MATERIAL PROVIDED:
════════════════

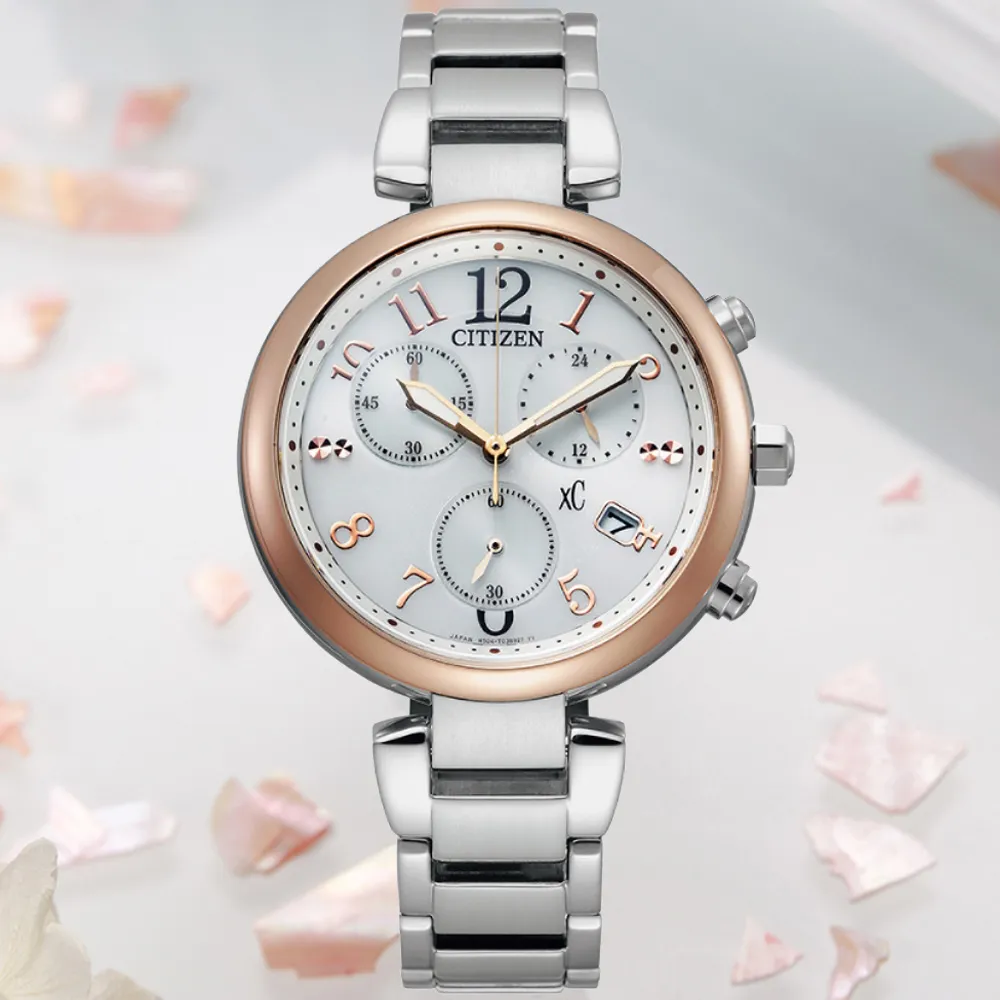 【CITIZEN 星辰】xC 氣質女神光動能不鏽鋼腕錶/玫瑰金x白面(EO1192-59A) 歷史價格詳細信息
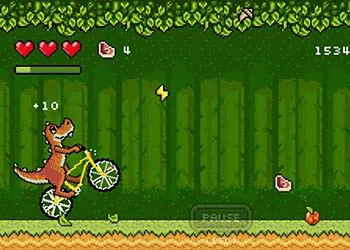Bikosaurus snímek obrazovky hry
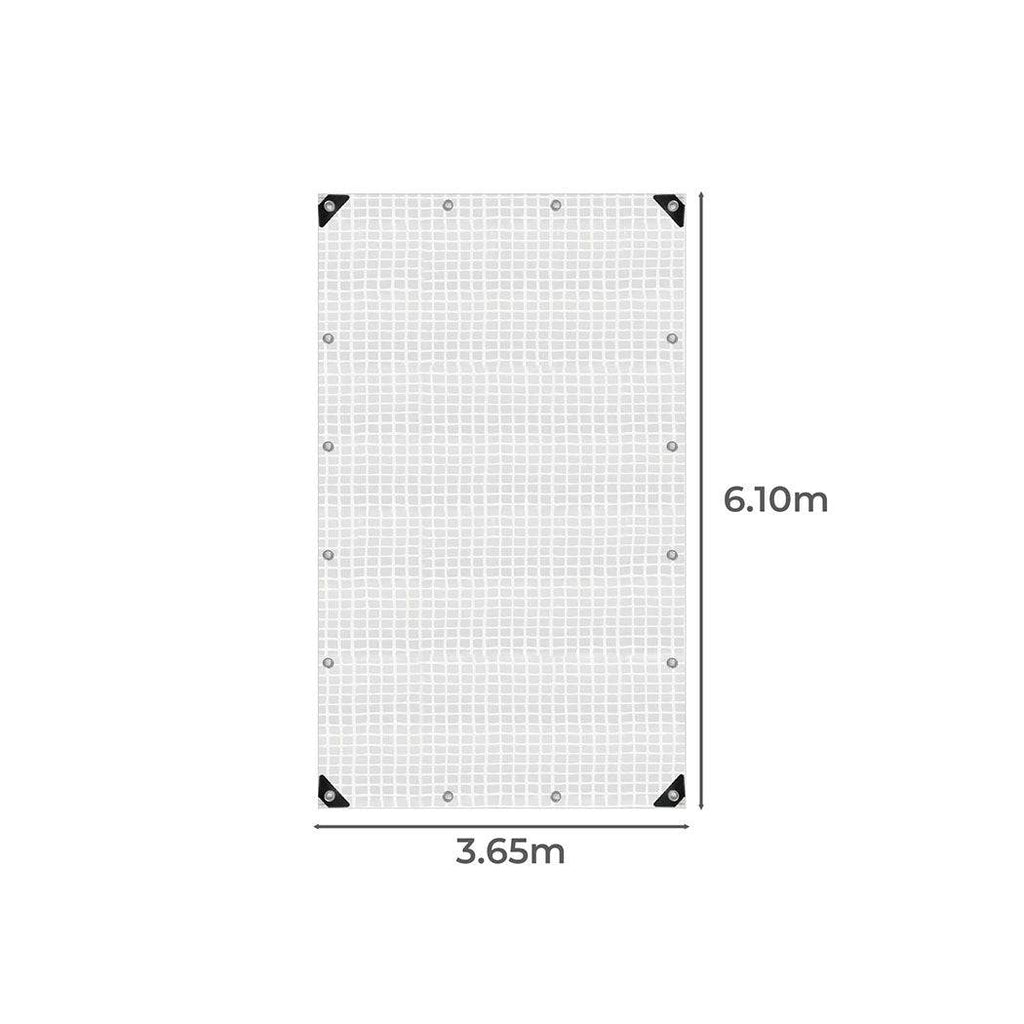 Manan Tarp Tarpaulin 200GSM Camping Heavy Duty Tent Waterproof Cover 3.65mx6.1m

════════════════

Copy the data character for character, but drop all pictures from the copy.

 【CITIZEN 星辰】xC 氣質女神光動能不鏽鋼腕錶/玫瑰金x白面(EO1192-59A) 歷史價格詳細信息
Bikosaurus snímek obrazovky hry
 Manan Tarp Tarpaulin 200GSM Camping Heavy Duty Tent Waterproof Cover 3.65mx6.1m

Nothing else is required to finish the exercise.